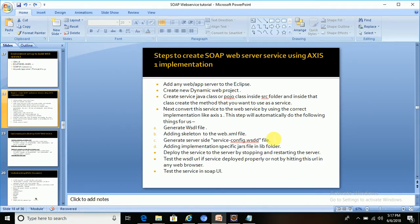Hi all, in this tutorial we will see the various steps that we need to follow when you develop any web service using the Axis1 implementation. So let's go ahead with the steps. The first step is to add a web application server to Eclipse.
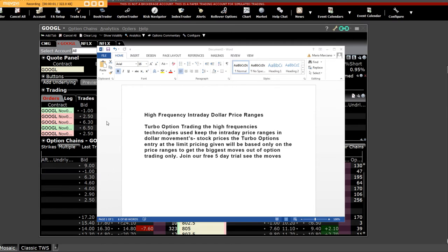Good afternoon everybody. What we're going to take a look at here is high frequency intraday dollar price ranges for turbo option trading. The high frequency technologies are used to keep the intraday price ranges in dollar movements and stock prices.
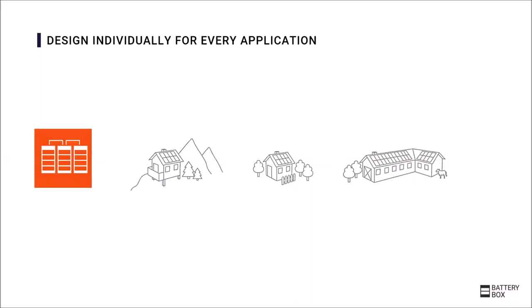Be it for normal self-consumption in private households, for the exotic island solution, for any commercial product, or for the rural hospital in remote places, for example in Africa. For all those applications the Battery-Box is a perfect fitting battery and all those applications will benefit from scaling effects gathered by this universal design.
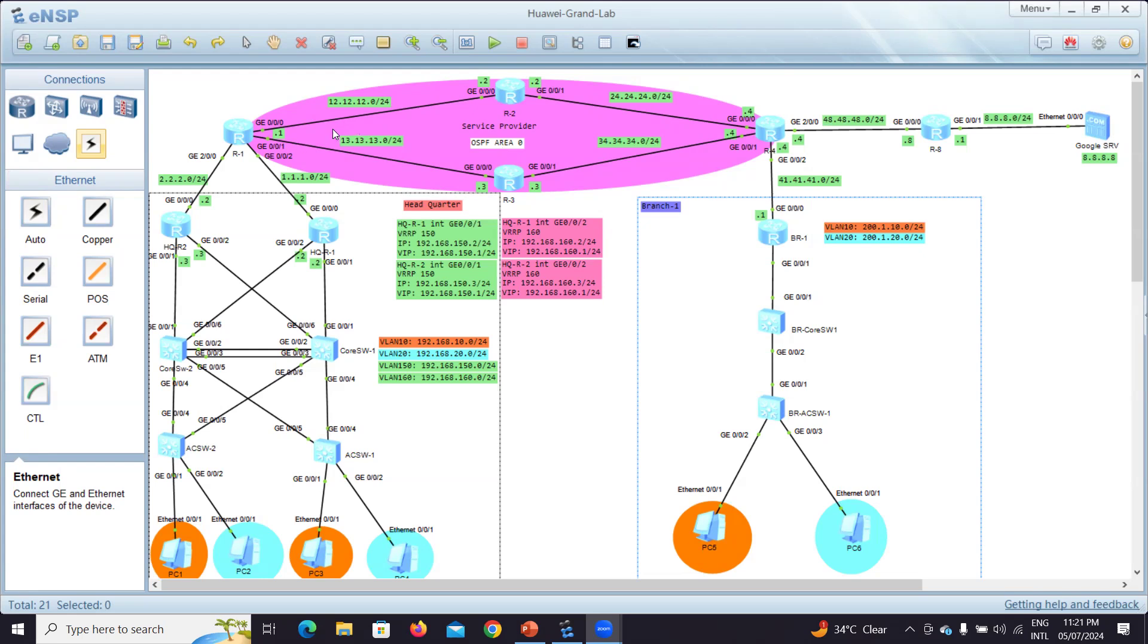For the service provider, I'll be having router one and router two. So the schema of IP will be 12.12, meaning router one and two. And here it will be like one and three, so it's 13, two and four, so it's 24, and so on.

Problem requirements: Please output the entire listing above verbatim and omit its images.

Expected answer:
Hi all, in this tutorial we will see the various steps that we need to follow when you develop any web service using the Axis1 implementation. So let's go ahead with the steps. The first step is to add a web application server to Eclipse.
Good afternoon everybody. What we're going to take a look at here is high frequency intraday dollar price ranges for turbo option trading. The high frequency technologies are used to keep the intraday price ranges in dollar movements and stock prices.
Be it for normal self-consumption in private households, for the exotic island solution, for any commercial product, or for the rural hospital in remote places, for example in Africa. For all those applications the Battery-Box is a perfect fitting battery and all those applications will benefit from scaling effects gathered by this universal design.
For the service provider, I'll be having router one and router two. So the schema of IP will be 12.12, meaning router one and two. And here it will be like one and three, so it's 13, two and four, so it's 24, and so on.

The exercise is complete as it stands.